Joseph Grundfest, a current Stanford business and law professor who was an SEC commissioner during the 1980s, had stern words for the crowdfunding method that is growing in popularity among businesses seeking capital (often referred to as token offerings or ICOs). He said, "ICOs represent the most pervasive, open and notorious violation of federal securities laws … It's more than the extent of the violation. It's the almost comedic quality of the violation."
According to former SEC attorney Nicolas Morgan, the commission may well issue "assembly line" style administrative actions to govern businesses engaged in token offerings. If Morgan is correct, the regulatory efforts Grundfest is clamoring for may not be far off.
Grundfest is surprised that the agency isn't already cracking down: "We're waiting to see a whole bunch of enforcement actions in this space, and we wonder why they haven't happened yet," he said. "I hope what they are doing is planning on a sweep of 50 ICOs."
Grundfest believes that a possible way for the SEC to flex its regulatory muscles is to simply label all coin offerings as securities, as with The DAO tokens, and enforce actions against parties who fail to properly register with the agency. Grundfest did acknowledge that some token offerings are meritorious and utilitarian, but is convinced that the majority appear to be attempts to skirt securities regulations.
Former SEC attorney Morgan offers this advice to avoid possible violations: "It's probably a better course of action if you're anywhere close to being a security, to just assume that it is and go forward with that presumption in mind."
Morgan further elaborated on the type of regulatory efforts he expects to see from the SEC. Although he favors speeches and public comments over lawsuits as a form of communication from the agency, he expects more of the latter to result in policy. On lawsuits as a means of communication he said:
"You can tell what the SEC's thinking because they allege it in a complaint they file in federal court or bring in an administrative proceeding. That's a tough way to regulate, by litigation, but that's going to happen too.

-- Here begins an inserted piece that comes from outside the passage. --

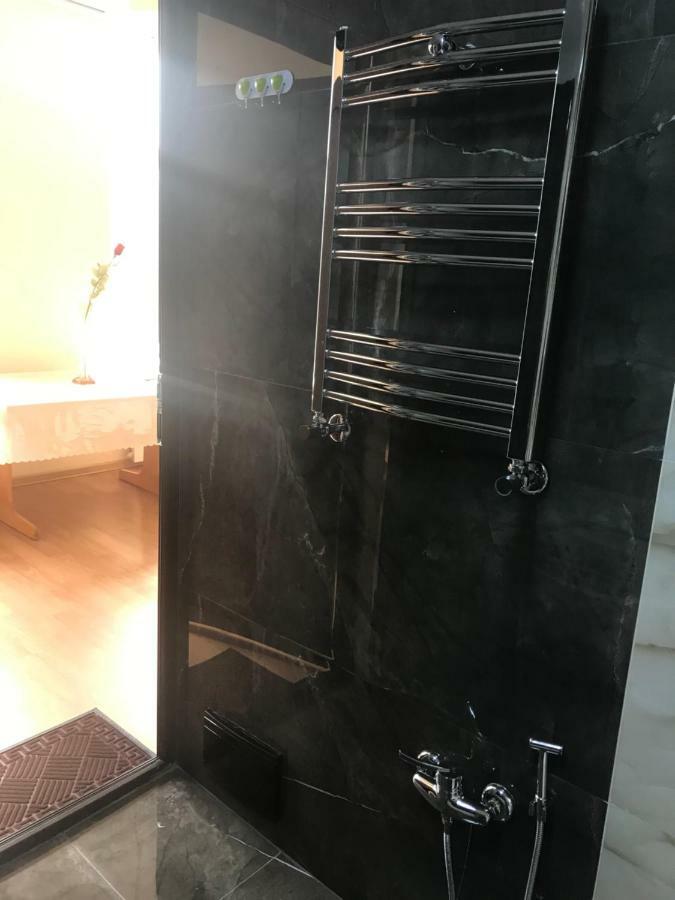 Beaming_House Hotel Şǝki Екстериор снимка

There are those in the ICO space who would prefer the SEC promulgate some regulations. I think that's likely to happen also. They've got a lot on their plate that has nothing to do with ICOs, and the rulemaking process is a slow process.

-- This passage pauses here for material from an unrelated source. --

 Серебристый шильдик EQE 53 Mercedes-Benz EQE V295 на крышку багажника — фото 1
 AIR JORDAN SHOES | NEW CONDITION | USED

So that's why we may see the so-called regulation by litigation happen more immediately."
Morgan described his aforementioned "assembly line" style of regulation:
"We see an ICO, it pretty obviously falls into the realm of a security, in that they put out a white paper, they didn't have a registration statement, they didn't fit into an exemption to the registration requirements. So, let's send out a subpoena.
And if the fact patterns recur over and over again, it makes it pretty easy for the SEC, that's why I described it as an assembly line. Something that's not automated, but it's easily replicated on their side."
The current SEC Chair, Jay Clayton, didn't mention any such sweeping plans in the statements he made earlier this November. What he did relate is an agency effort to combat fraud and a pursuit of enforcement. "Where we see fraud, and where we see people engaging in offerings that are not registered, we are going to pursue them – because these types of things have a destabilizing effect on the market," said Clayton.